Politicians, healthcare workers and other interested parties assembled for a roundtable discussion centering on a multipronged approach to addressing the problem.
Dita Bhargava, an ambassador from the addiction-awareness nonprofit Shatterproof, which hosted the event, shared about the death of her son, Alec, following a seven-year struggle with opioid addiction.
Like many users and abusers today, he unknowingly used the synthetic drug called fentanyl, which is almost 100 times more potent than morphine and is often cut into heroin.
“We are in the top ten in terms of per capita death,” Bhargava said of Connecticut, with over 1,000 deaths last year from opioid overdose, and more than 70,000 nationwide.
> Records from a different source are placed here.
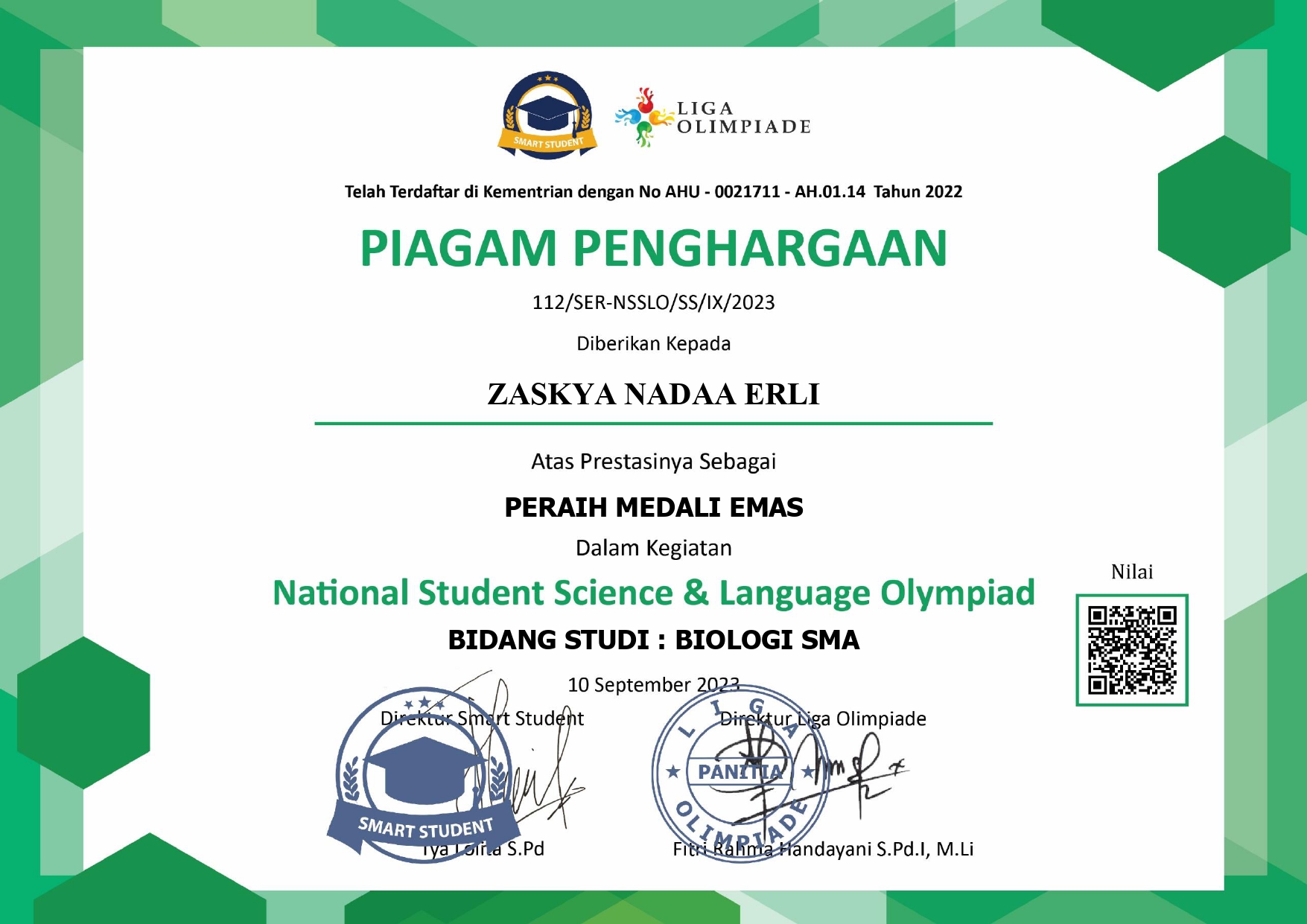 National Student Science & Language Olympiad bidang studi Biologi SMA 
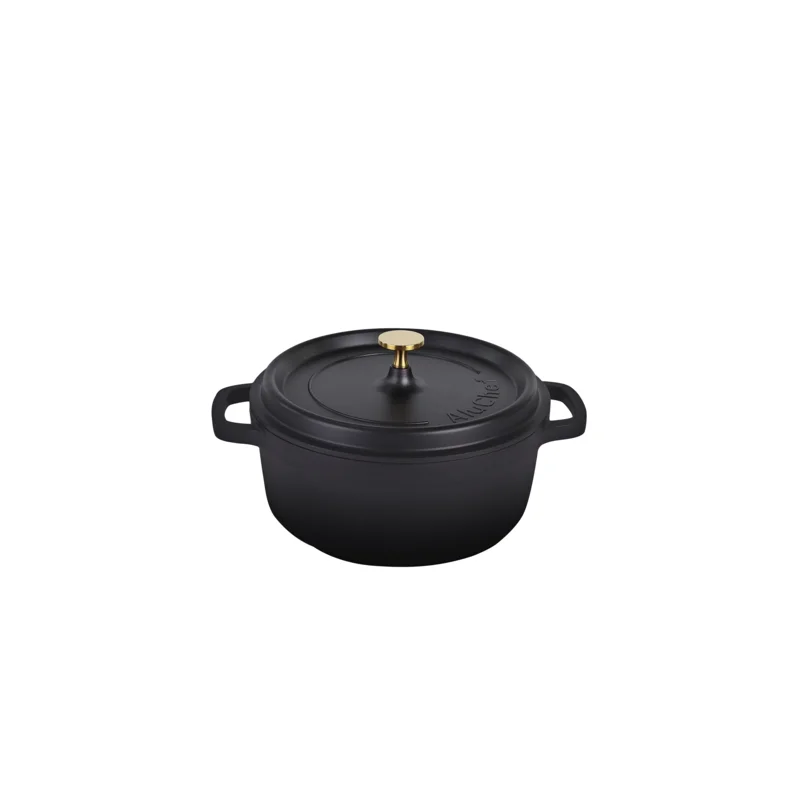 Aluchef Round Casserole Dish With Gold Knob 12 3/8 in x 10 in x 6 1/2 in (4 1/2 qt) Matte Black - Set of 4 Aluchef Round Casserole Dish With Gold Knob 12 3/8 in x 10 in x 6 1/2 in (4 1/2 qt) Matte Black - Set of 4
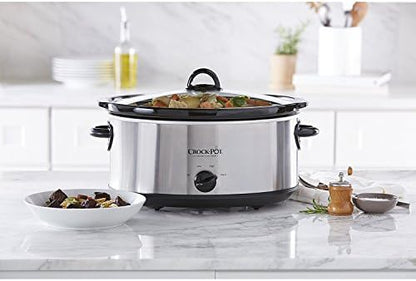 7 Quart Oval Manual Slow Cooker – Stainless Steel - Curated Catalog J8
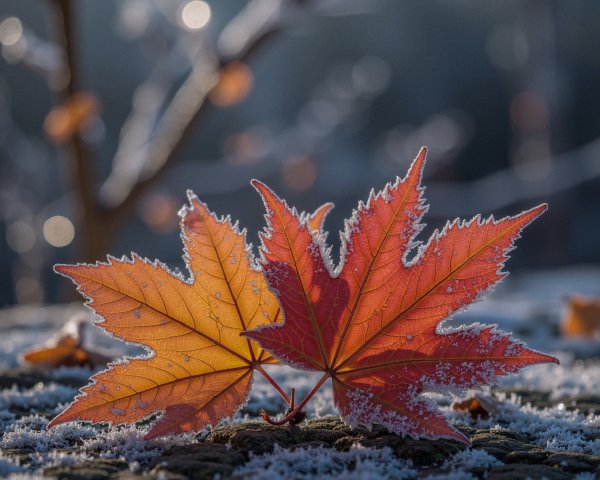 Vibrant Maple Leaves on Frosty Surface in Autumn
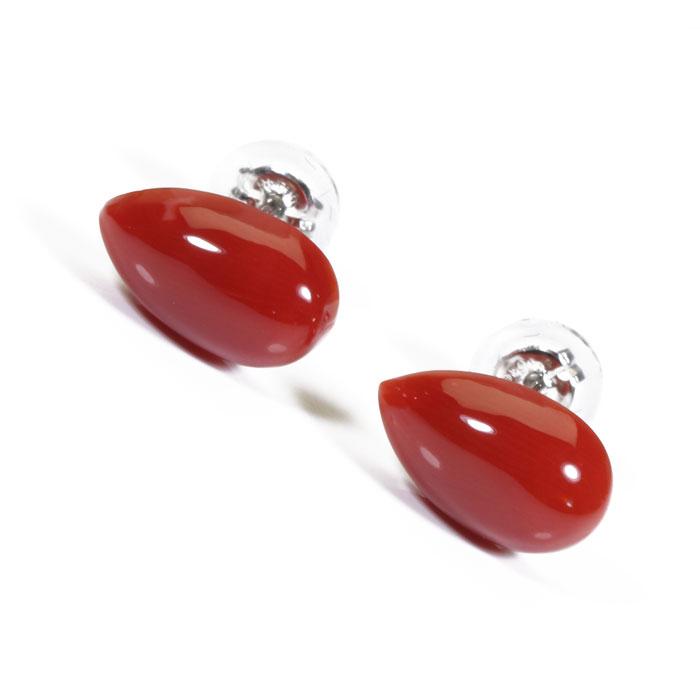 パーティを彩るご馳走や 血赤珊瑚 ジュエリー コーラル 本さんご 天然 宝石サンゴ 3月誕生石 ピアス Sansui 無染色 プラチナ Pt900 ティアドロップ レディースアクセサリー Neznacine Rs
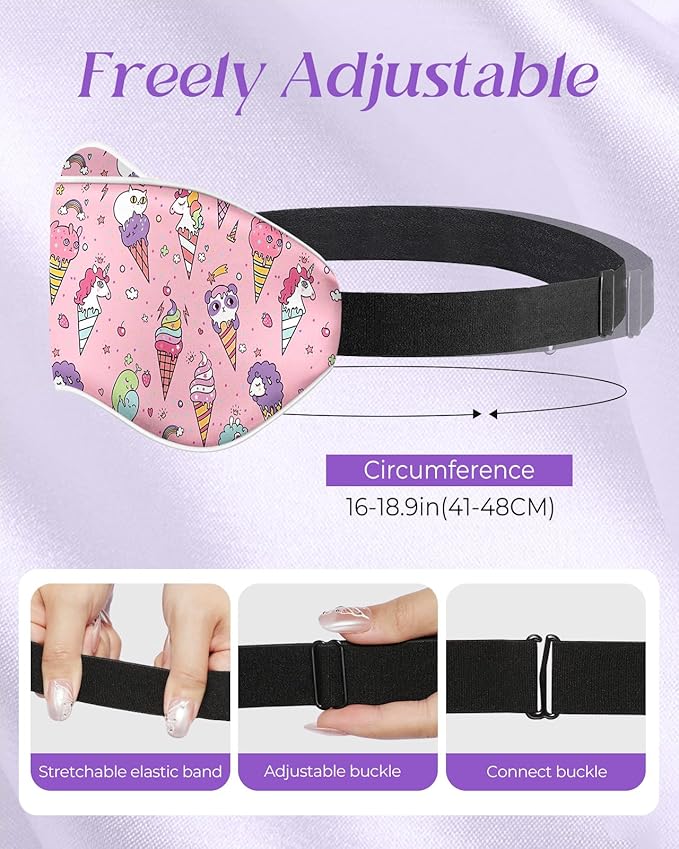 Kids Sleep Mask - Silk Eye Mask for Kids Cute Cartoon Cool Kawaii Soft Smooth Lightweight Boys Girls Teens Sleeping Mask with Adjustable Straps, Rainbow - Bloomnest
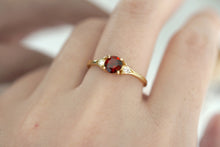 Load image into Gallery viewer, Burning Rose Garnet Ring, Dainty Garnet engagement ring
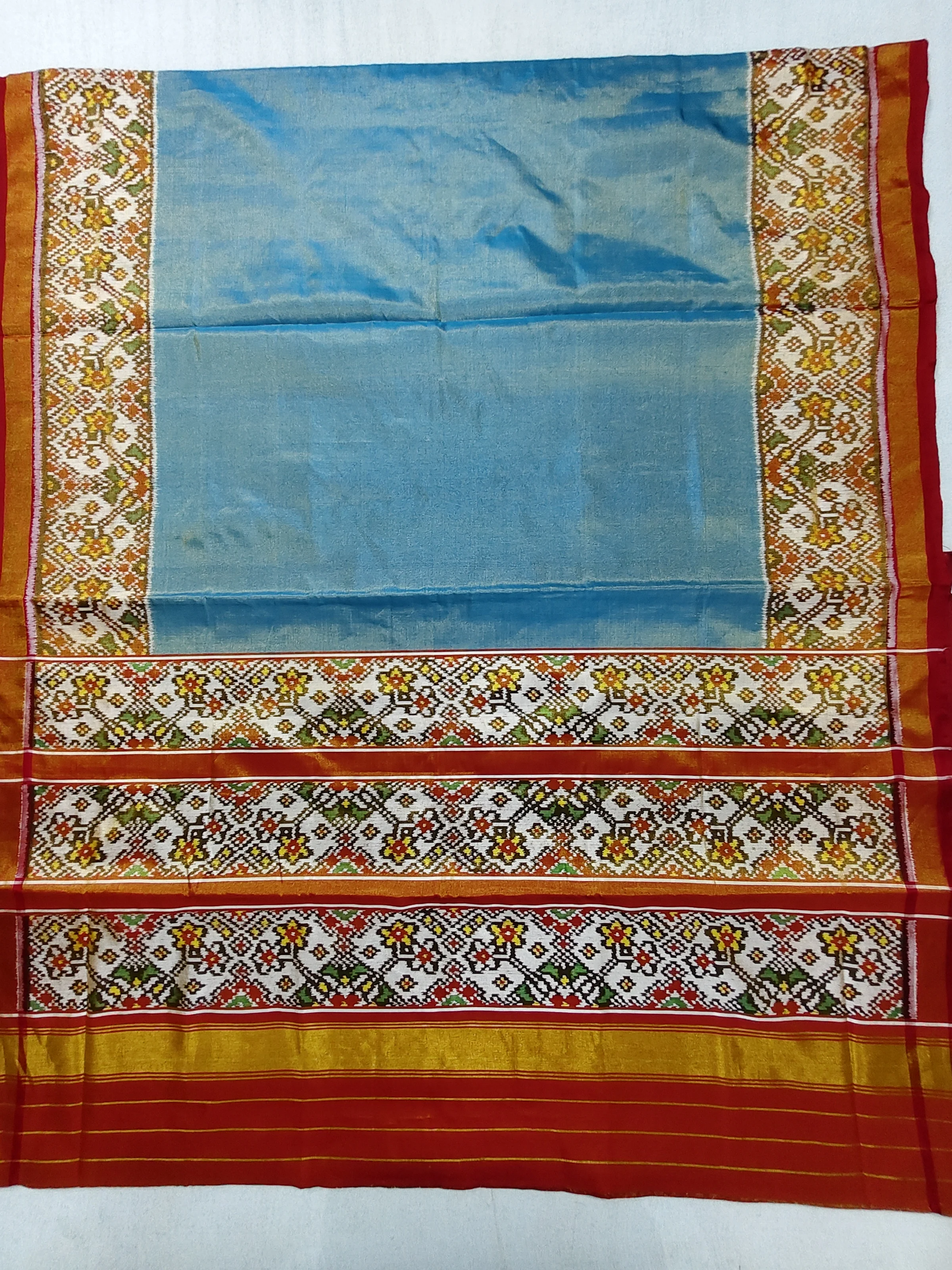 Red Sky Blue Navratan White Border Plain Tissue Galo Patola Saree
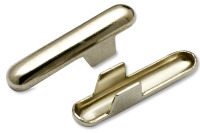 Metalen splitpennen (T-vorm)<BR> voor Elastiek/koord,<BR> opening 2,6 mm,<BR> vernikkeld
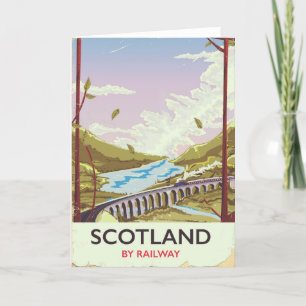 Tarjeta Festiva Afiche de viaje para locomotoras de Escocia Vintag
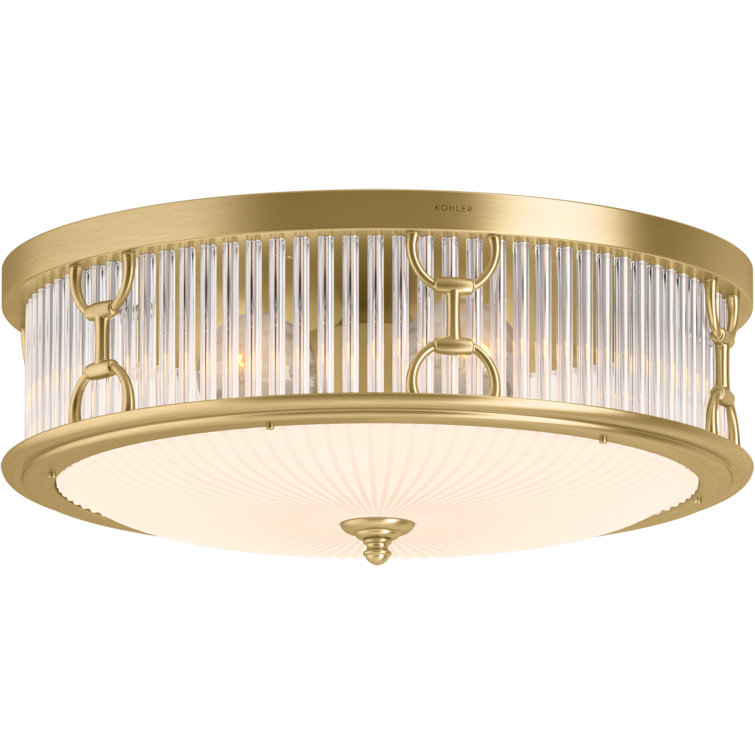 Terret Brushed Moderne Brass and Glass Drum Flush-Mount Light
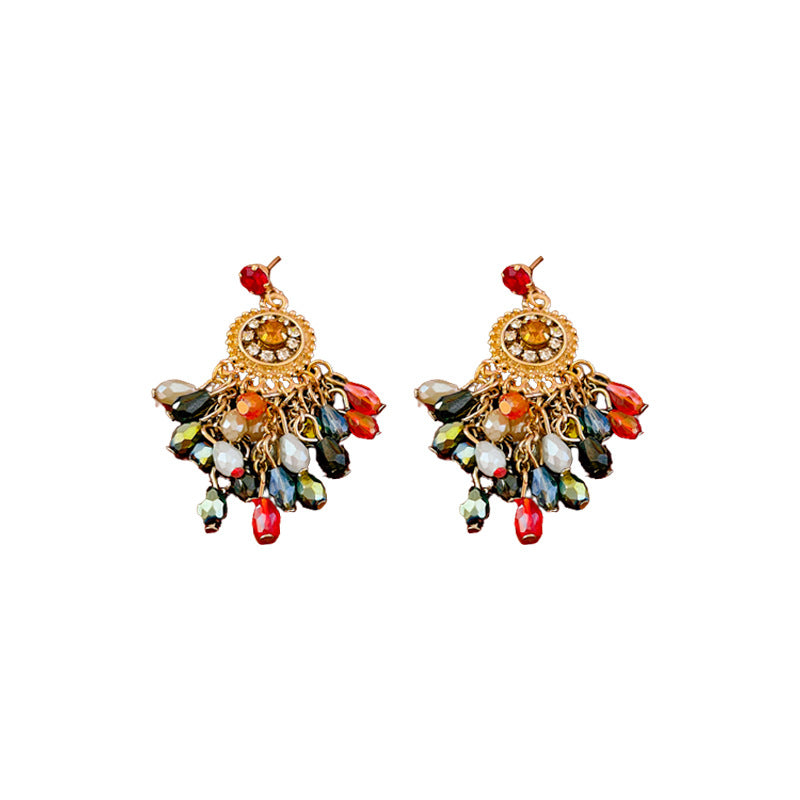 Crystal Teardrop Tassel Earrings 6W6JER803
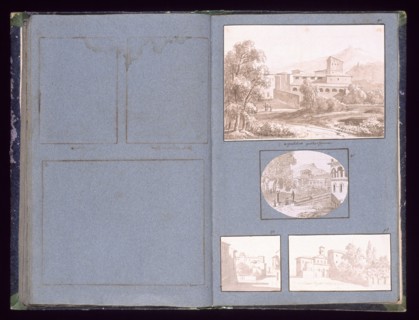 Four drawings: A Pratolino proche Florence, View towards buildings, Street view in town, Sta. Agnese extra muro, Dessins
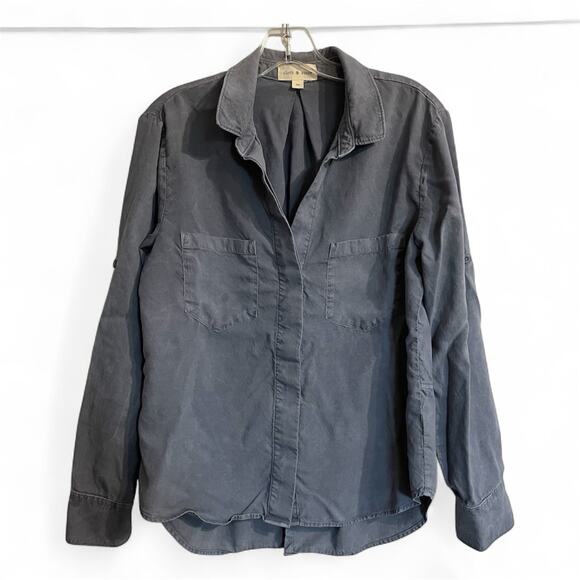 Cloth & Stone Anthropologie Shirt Women Size Medium Blue Tencel Roll Tab Sleeve - Picture 1 of 9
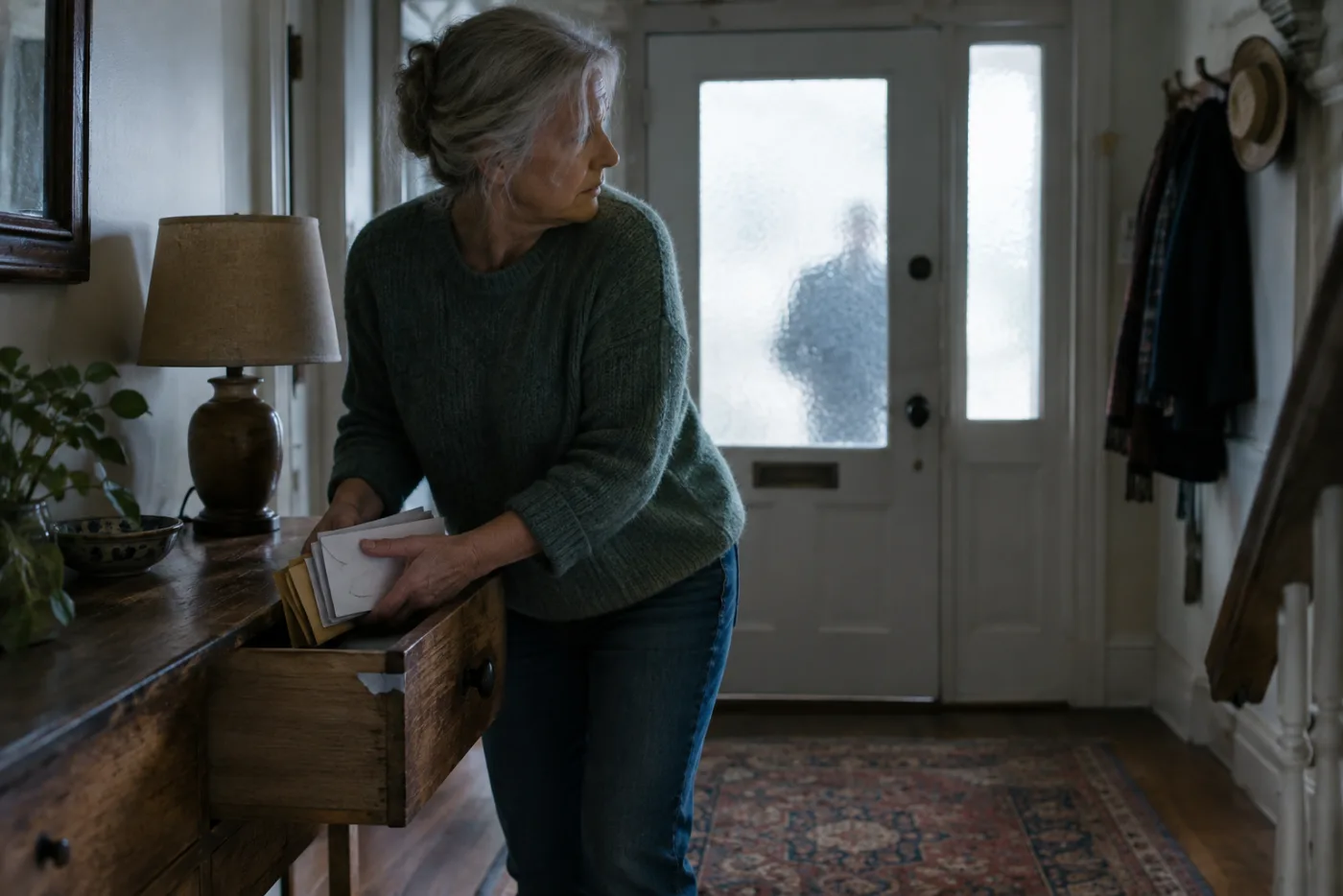 Woman quickly hiding envelopes in a drawer as footsteps approach the front door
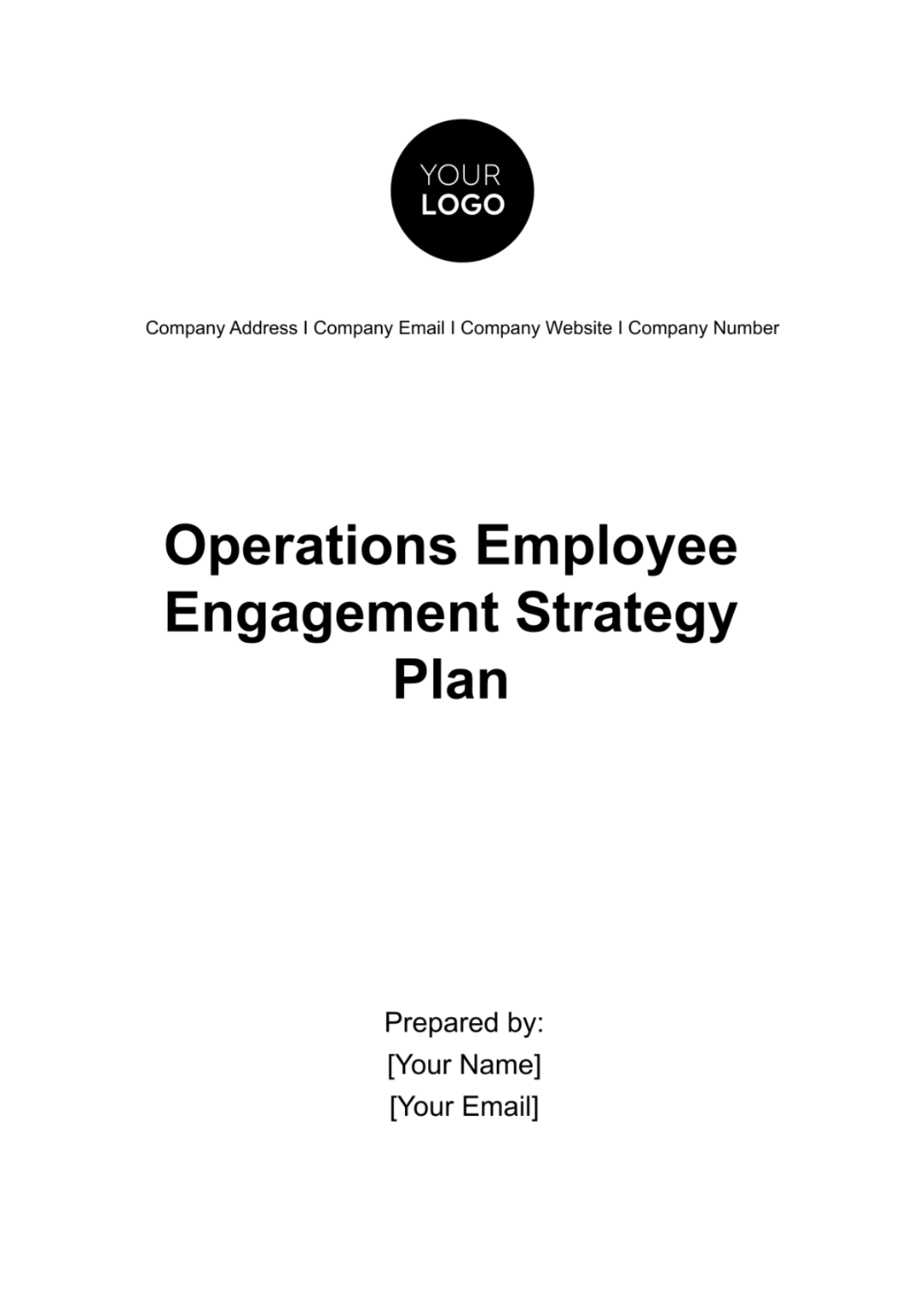 Operations Employee Engagement Strategy Plan Template - Edit Online & Download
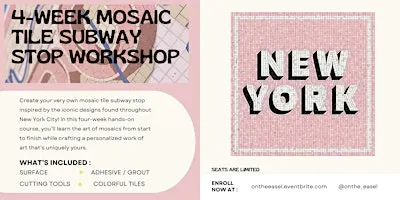 4-Week Mosaic Tile Subway Stop Workshop - Long Island City, NYC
“We can’t do enough to help out in this crisis,” she said, noting a multipronged approach is needed to combine legislation, law enforcement efforts, treatment options and after-treatment plans, as well as education and family counseling.
“Our kids are faced with anxiety that we never saw as kids and they need to have coping skills,” she said.
She noted that her son’s use begin with marijuana, which many maintain is a “gateway” drug that leads to opioid use.
“He didn’t have the tools necessary to cope with real life,” she said of her son.
“This is truly a national emergency,” said U.S. Rep. Jim Himes, who described efforts to make China — which is responsible for 80 percent of the fentanyl in the country — “a little less complicit in what’s been happening.”
“Believe it or not, a lot of this stuff gets mailed in,” he said.
Lt. Eric Woods said Westport’s police department is working with the U.S. Postal Service, as well as private companies like UPS, to stop the drug’s entry into town.
“We have seen an influx in narcotics being shipped to places in this town,” he said, describing how people can make purchases through the internet, or “dark web.”
“The ease of finding it is pretty scary,” he said, noting that social media was playing a big role in the trade.
But Woods said the approach at the department has changed.
“We do not try to arrest our way out of this problem that we have in Westport,” he said, but instead strive to recognize it as an illness and do their part to help instigate counseling help through the Department of Human Services.
“I think the message has gotten out that we’re not going to arrest someone for an overdose situation,” he said.
“I’m stuck on the fact that there’s tremendous social stigma,” said Westport’s state Sen. Tony Hwang. “I find there’s just so much struggle internally within family structures to address this as an illness.”